Run this query in master to see what your log may be waiting on to truncate.

SELECT Name, log_reuse_wait_desc FROM sys.databases

What you’ll get here is a result that tells you what the log is waiting for before it can reuse the VLFs, and in this case, kill them so you can shrink the file.  There are any number of things that can show up here as the reason.  You could be waiting on a long transaction, or on a log backup, or on replication, etc.  So next time you have a problem getting a log to shrink, come here first and find out what it’s waiting for before you go guessing what the problem might be.

That’s all I’ve got.

Ok, I got a comment below that says BOL states that TRUNCATEONLY only works for data files. I checked and he’s right, BOL does say that. However, I’ve been using this method for years and I just ran a test on it individually using the code I pasted out of this post so BOL is wrong on this one. I ran my test on SQL2K8 but I don’t see any reason why it would change significantly with a lower version.

The hidden update

I had a cool situation today that didn’t come to me right away so I thought I’d share it with all of you.  We’re going to be talking about the lovely deadlock today.  I can’t remember if I’ve ever talked about it before, but I am now so there…
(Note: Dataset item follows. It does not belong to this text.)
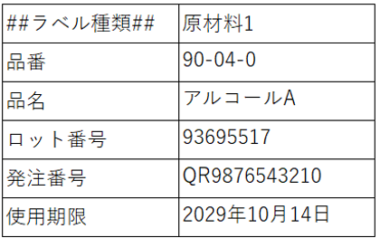 OCR結果の属性付きデータ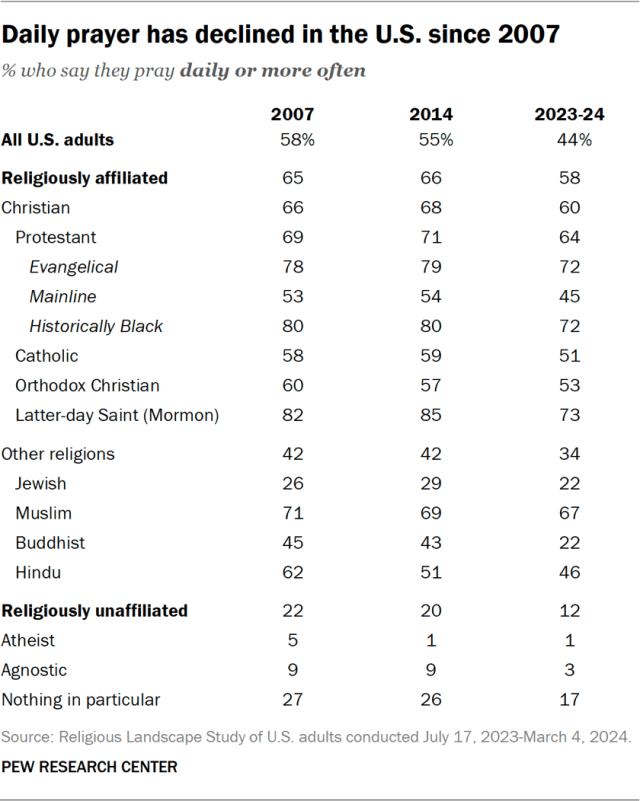 Daily prayer has declined in the U.S. since 2007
OK, here’s the situation.  I was called over by our very sexy web team lead (George), who told me that they were having deadlock issues on the web portal DB.  Fine, I’ll put a server-side trace on it and see what comes up.  For this I used the Locks\DeadlockGraph.  Once I got my info back, I noticed that we had table1 and table 2 and table3 in the mix. Table1 was a delete against itself.  Then another session ran an update against Table2 joined to table3.  The problem is that the update was deadlocking with the delete and the delete was losing every time.  And also, why was the deadlock on table1?  The update doesn’t even touch table1. 

For starters, all the tables have an update trigger that pulls the inputbuffer and session info for the spid that ran the update.  It then puts this info in a log table.  I don’t know why.  Unfortunately that wasn’t the problem.  I checked and none of the tables turned out to be views either so that avenue was dead.  The problem was just a tiny bit buried, but I eventually found it.  There was another table in the mix… table4.  Table3 had an update cascade set on its FK to table4 and table4 had an FK back to table1.  AH-HA… there’s your connection.  Now, as well, there’s wasn’t an index on the FK col in table1, so it was doing a scan.  Nice huh? 

So my recommended fix was as follows:

1.  Get rid of the auditing update triggers.  If you really want to log the action then put that code in an SP and call it after your update is done, but not as part of the main transaction.  Yes, I’m aware of the very minute risks in this, but they’re far out-weighed by completing your transaction so much faster.

2.  Put an index on the table1 FK column.  This is probably going to give you the biggest bang for your buck.  If it’s not doing a table scan, then it’ll get in and out faster so there’ll be less chance of deadlocking with the delete.  I believe the delete is also searching on the same col so it would really be worthwhile.

3.  Use updlock on the update query. 

My whole plan here is to get these transactions as short as possible.  It’s not enough to have efficient queries because if you’ve got a bunch of other stuff in the transaction then you might as well be doing a table scan every time.  And I know that reading table1/table2/table3 and all that isn’t easy to follow, but hey, we’ve gotta scrub these things for the internet, right?  Really the whole point is that you have to dig sometimes to find the source of something.  I knew the deadlock was on that other table and I could see the index scan in the execution plan, but that table wasn’t listed in the query or in the trigger.  So it had to be coming from somewhere.  So the basic point of this is to remind you of some of the things that are possible so you can remember to check these types of things too.